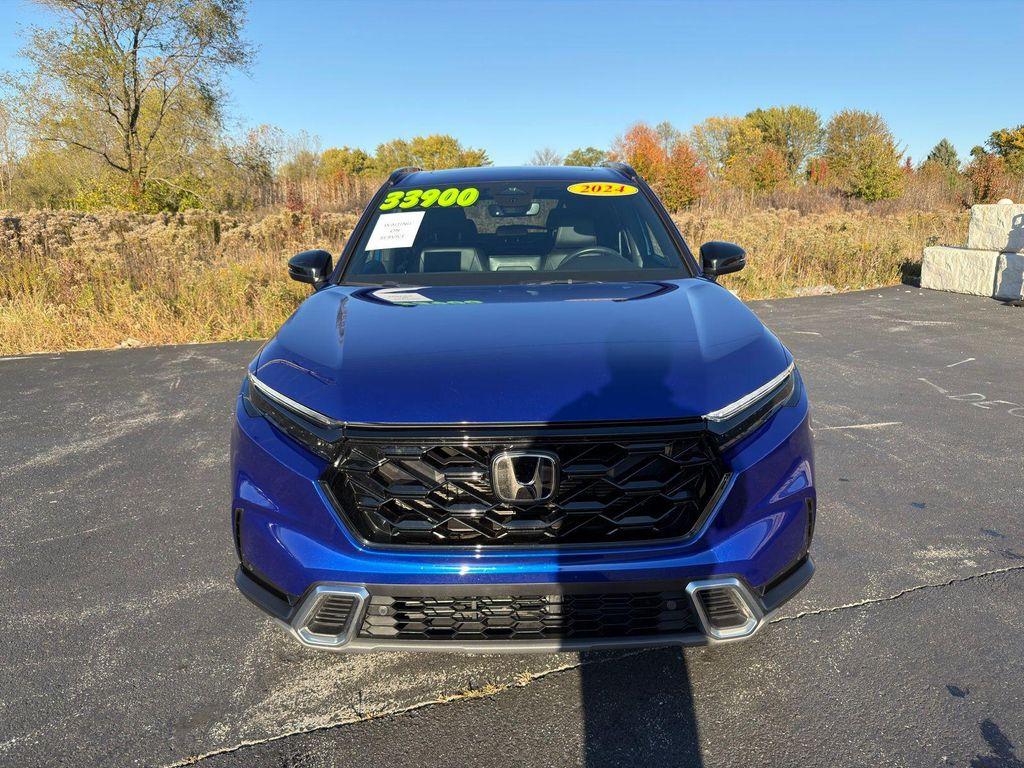 used 2024 Honda CR-V Hybrid car, priced at $33,400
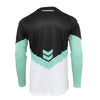 THOR MX JERSEY S22 SECTOR YOUTH CHEVRON BLACK
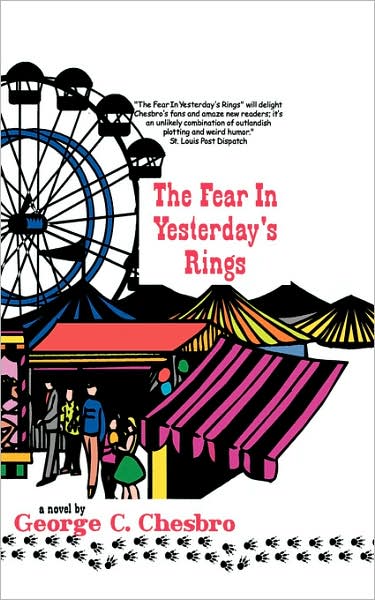The Fear in Yesterday's Rings (A Mongo Adventure)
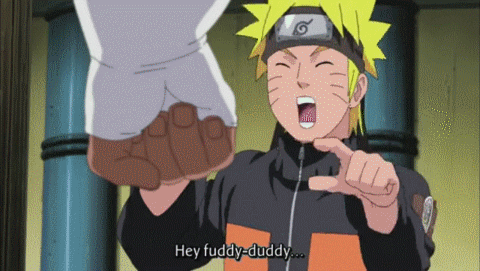 Cool Naruto I Shouldnt Have Said That GIF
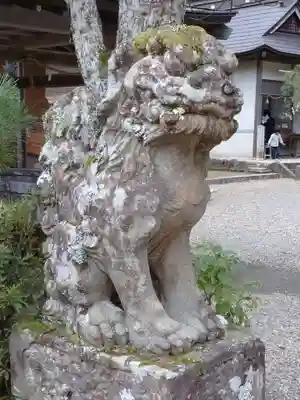 宇良神社(浦嶋神社)の狛犬
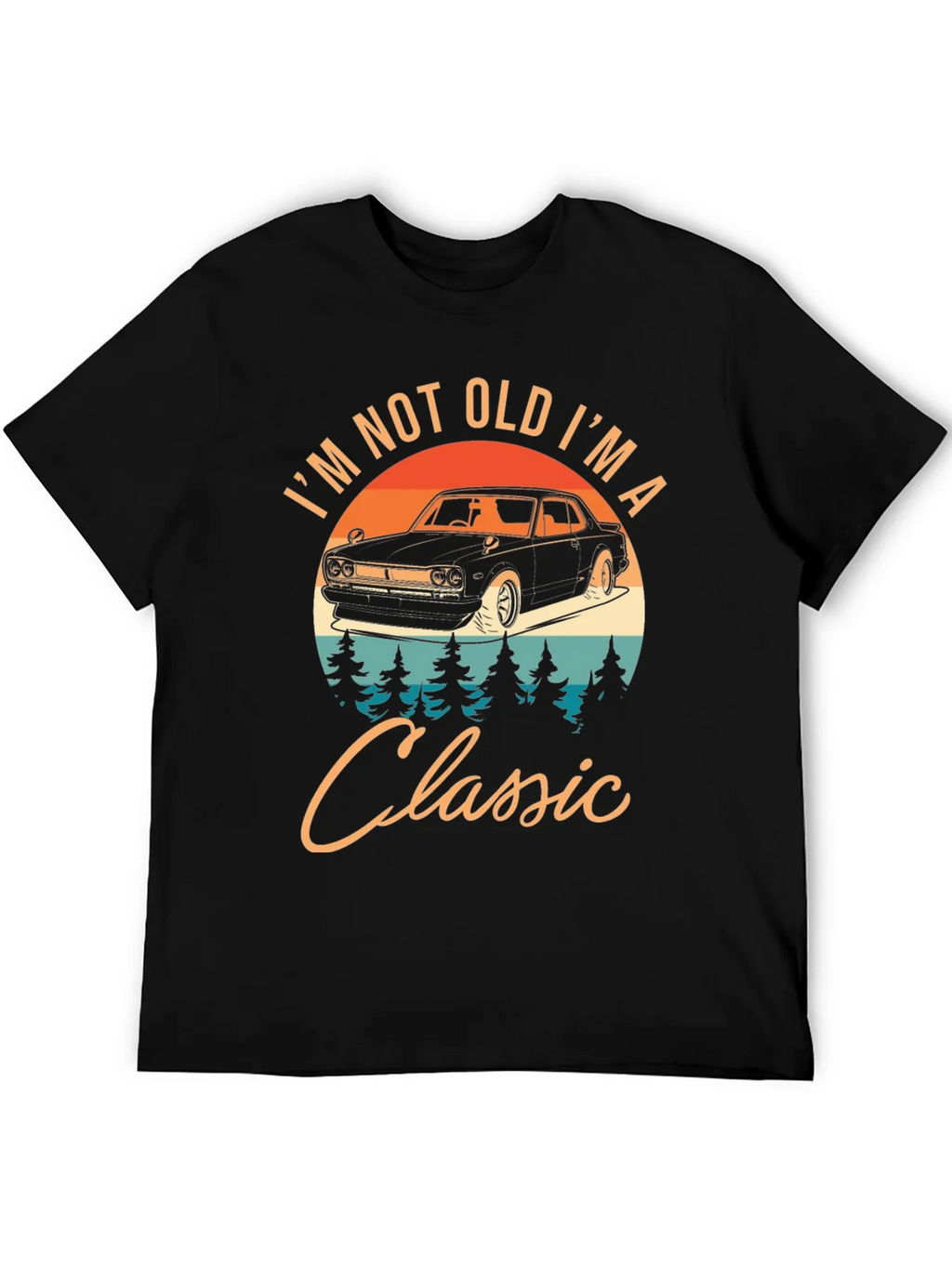 Classic Car T-Shirt: Im Not Old Im A product image 3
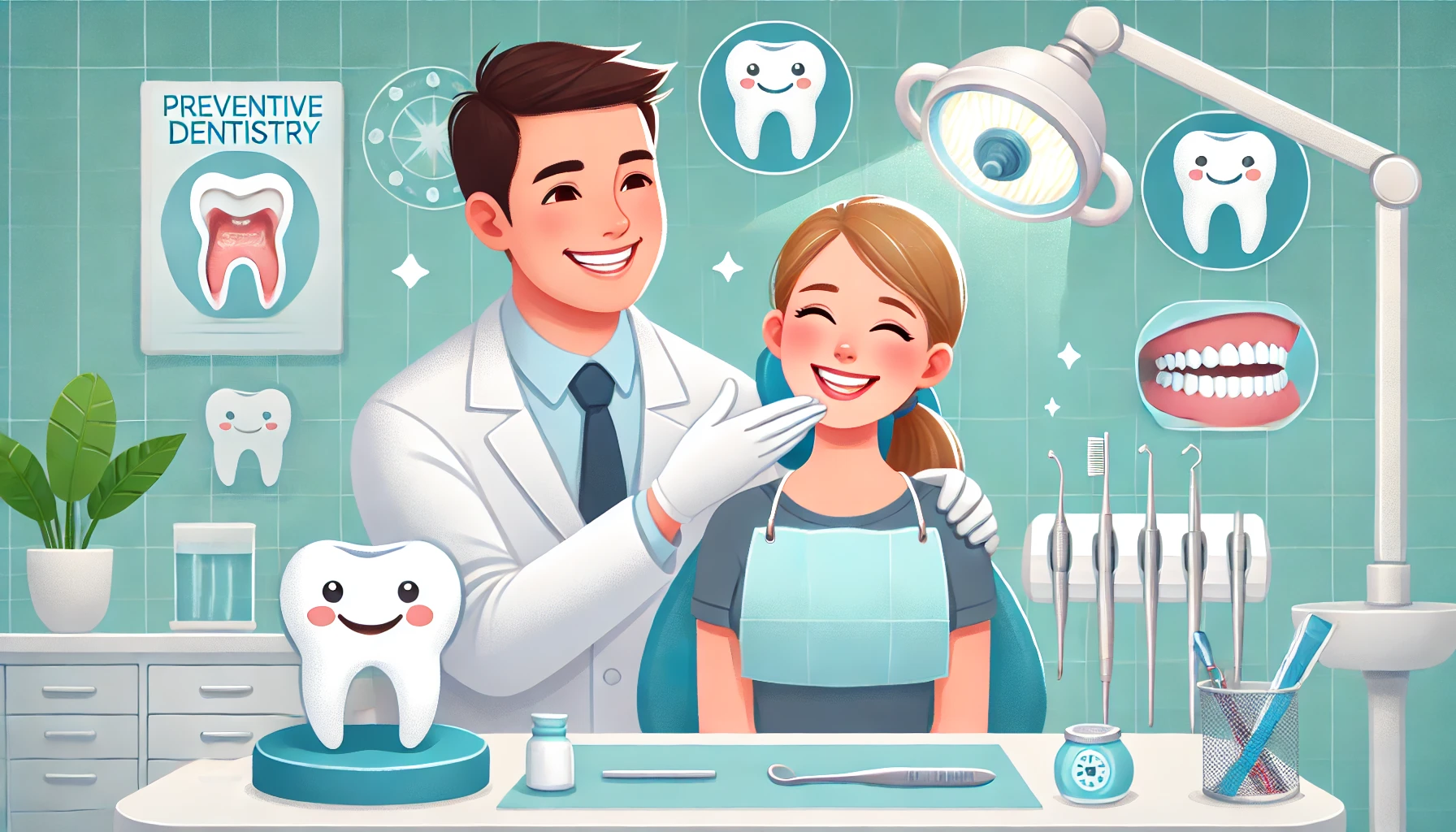 Diş çürükleri ve diş eti hastalıklarını önlemek için Alanya Diş Doktoru’nun koruyucu diş hekimliği hizmetlerinden yararlanın! 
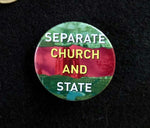 seperate Church and State Full logo badge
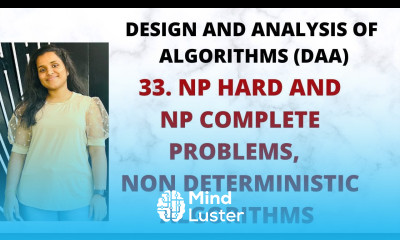 NP Hard and NP Complete Problems Non Deterministic Algorithms DAA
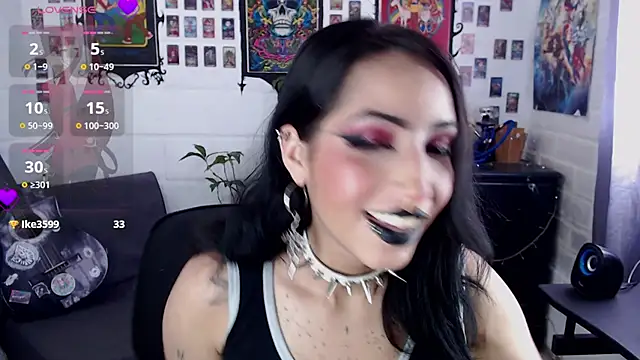 Nyx Blackmoon online show from February 22, 2025, 4:19 pm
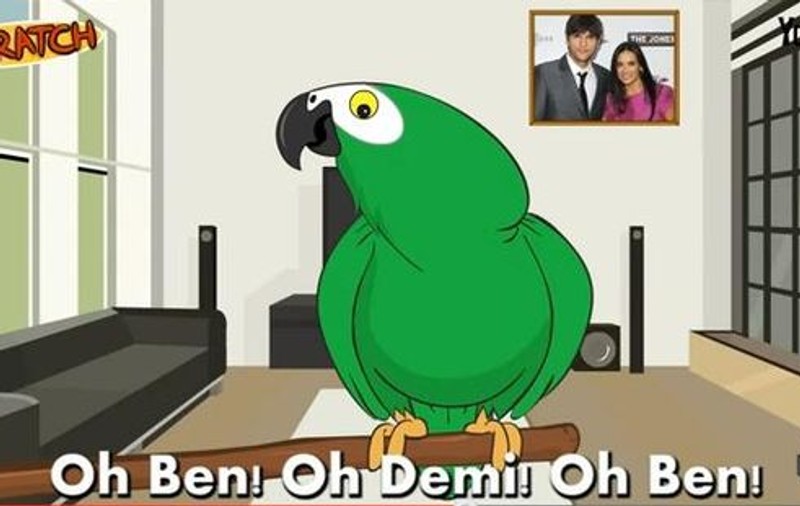Credeaţi că Ashton Kutcher a înşelat-o pe Demi Moore? Asta este parodia care îţi va explica motivul adevărat al separării lor | VIDEO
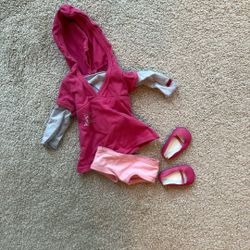 American Girl Star Hoodie Set
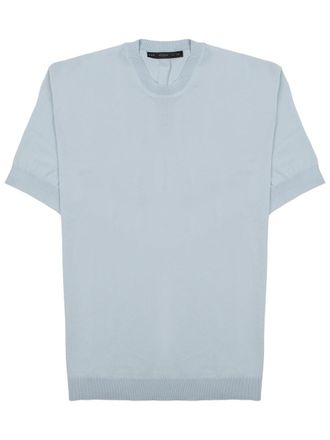 low brand Crew Neckline Fine Texture Viscose Top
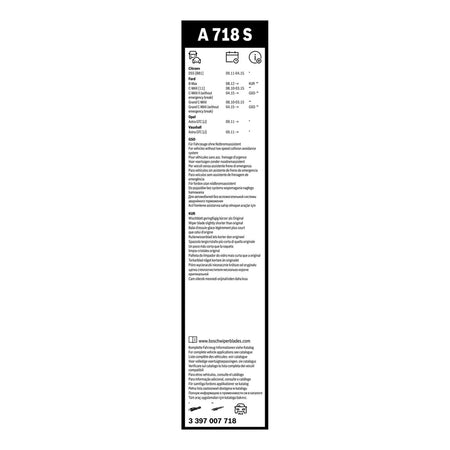 Bosch Aerotwin Twin Pack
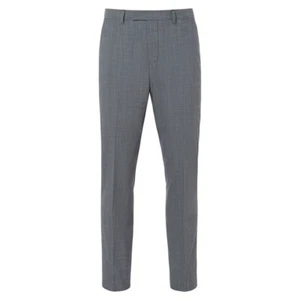 Benvenuto Herren Anzug Hose Messina blau 4892 39382 0665 indigo - Picture 1 of 4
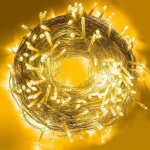 Guirlande lumineuses 100m 500 leds etanche 8 modes d'eclairage interieur exterieur pour noel mariage ...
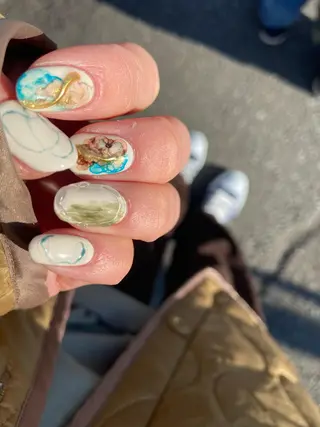 ネイル . unffのネイルデザイン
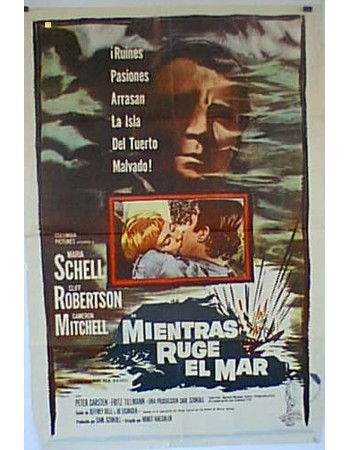 AS THE SEA RAGES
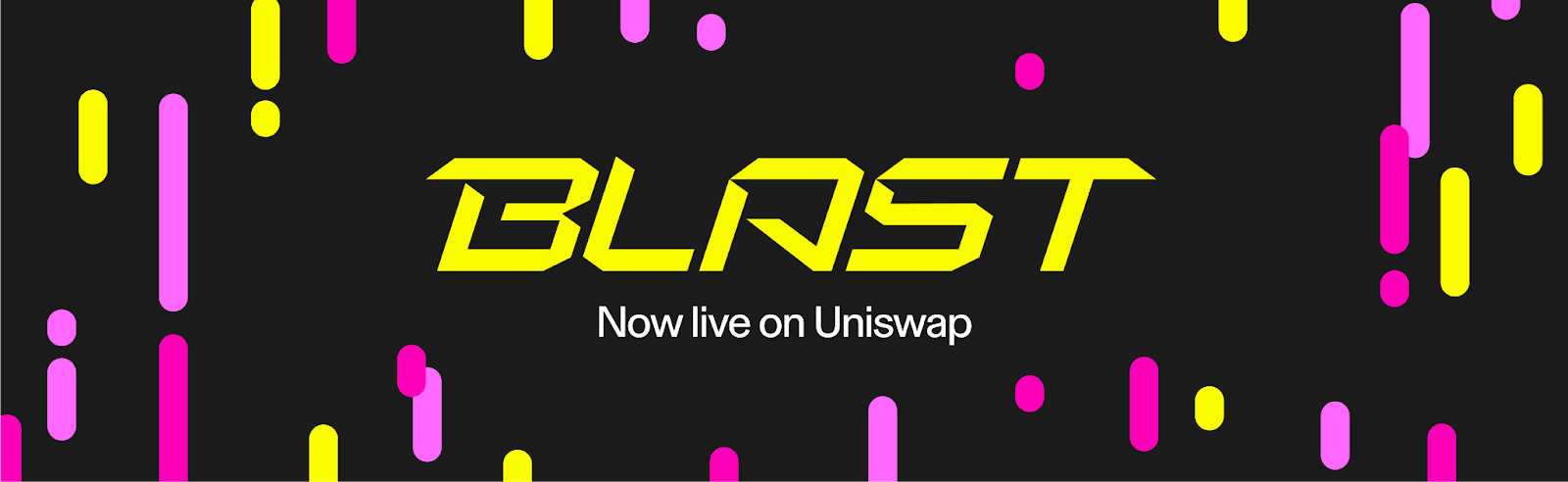 Blast is now live on Uniswap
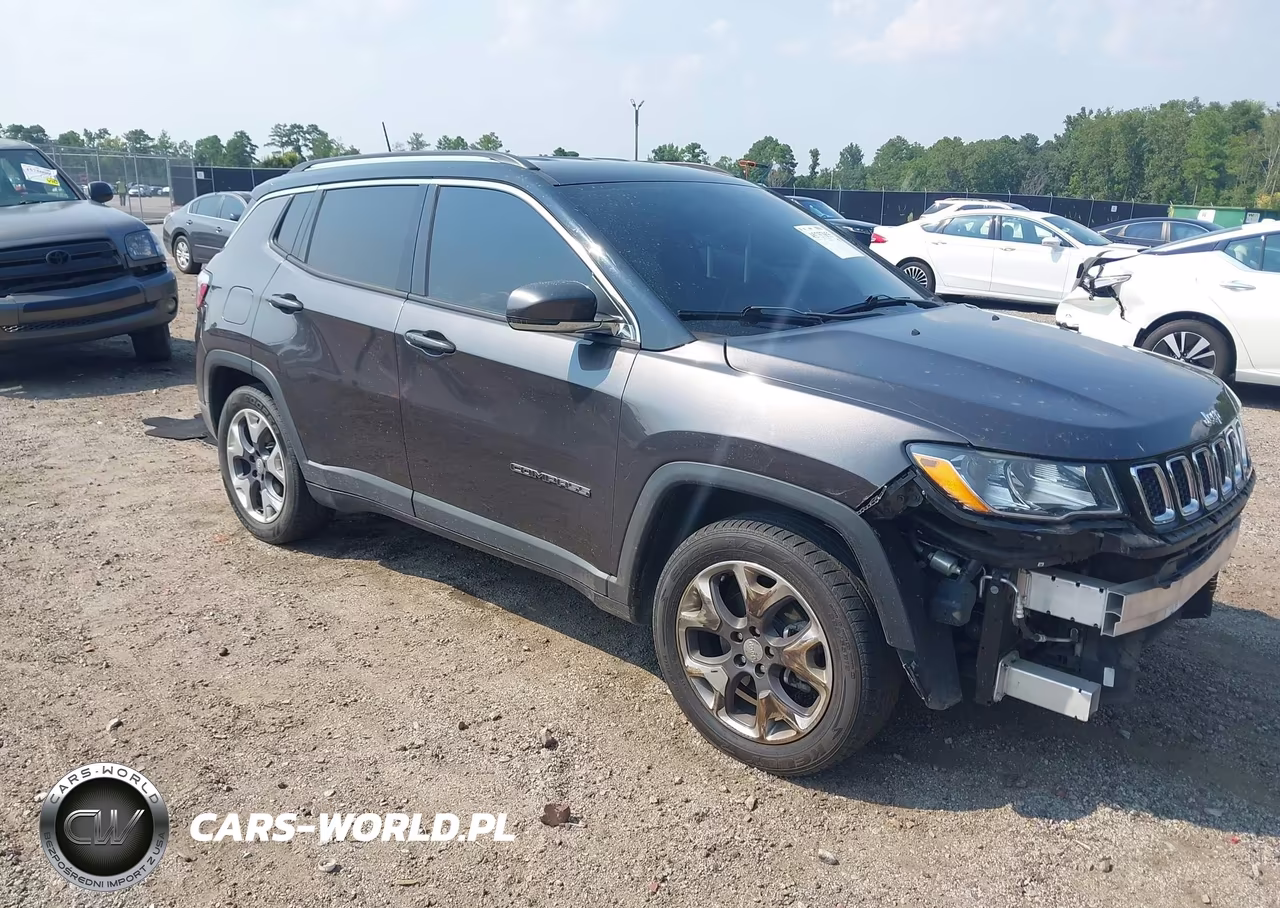 2020 Jeep Compass Limited Fwd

================

Task to carry out: Everything above from the line with "American Girl Star Hoodie Set" through the line with "Benvenuto Herren Anzug" should be retyped exactly, and nothing else; omit pictures.

Solution for this exercise:
 American Girl Star Hoodie Set
 low brand Crew Neckline Fine Texture Viscose Top
 Bosch Aerotwin Twin Pack
 Benvenuto Herren Anzug Hose Messina blau 4892 39382 0665 indigo - Picture 1 of 4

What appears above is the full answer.